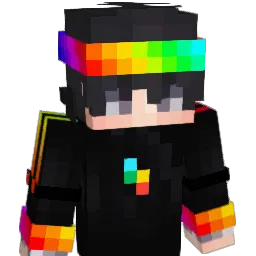 GODPOWER500 Minecraft avatar bust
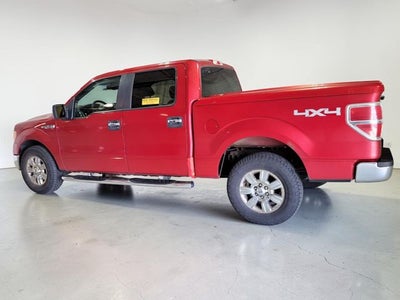 2010 Ford F-150 XLT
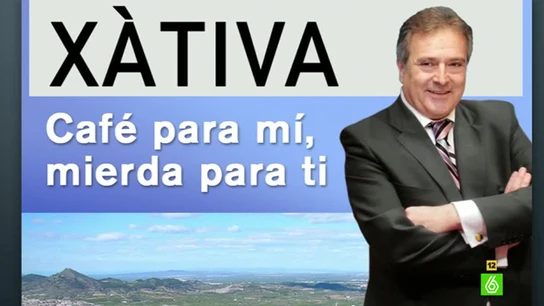 El nuevo eslogan de Alfonso Rus El nuevo eslogan de Alfonso Rus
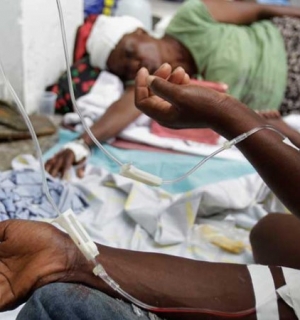 Haiti assolado por surto de cólera desde Outubro passado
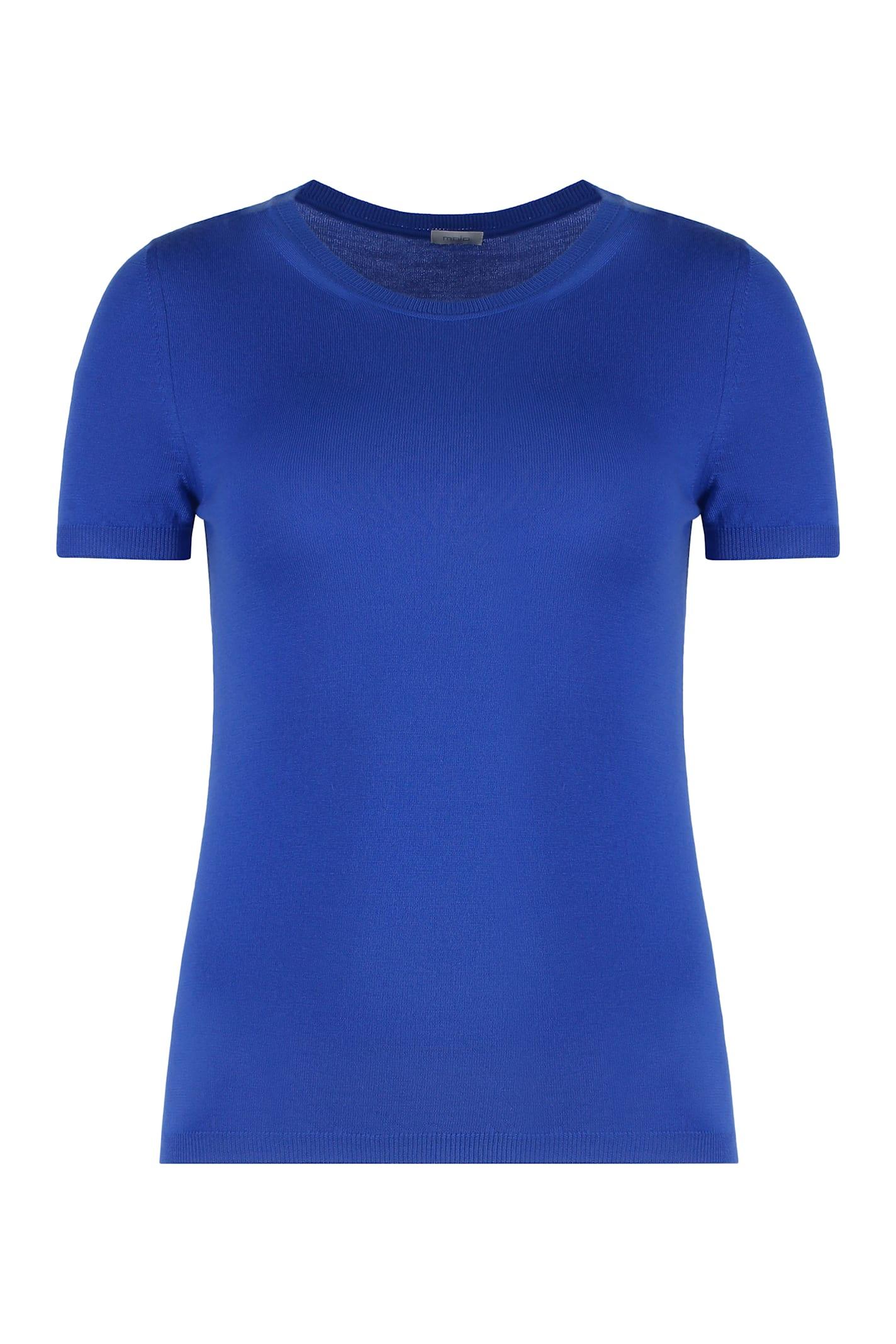 MOLO Short Sleeve Sweater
· · · · ·
WORK TASK >> Word-for-word restatement: every line from the one with "Haiti assolado por" through the final line of the data, both ends included, pictures excluded.

ANSWER FOR THIS EXERCISE >>
 Haiti assolado por surto de cólera desde Outubro passado
 MOLO Short Sleeve Sweater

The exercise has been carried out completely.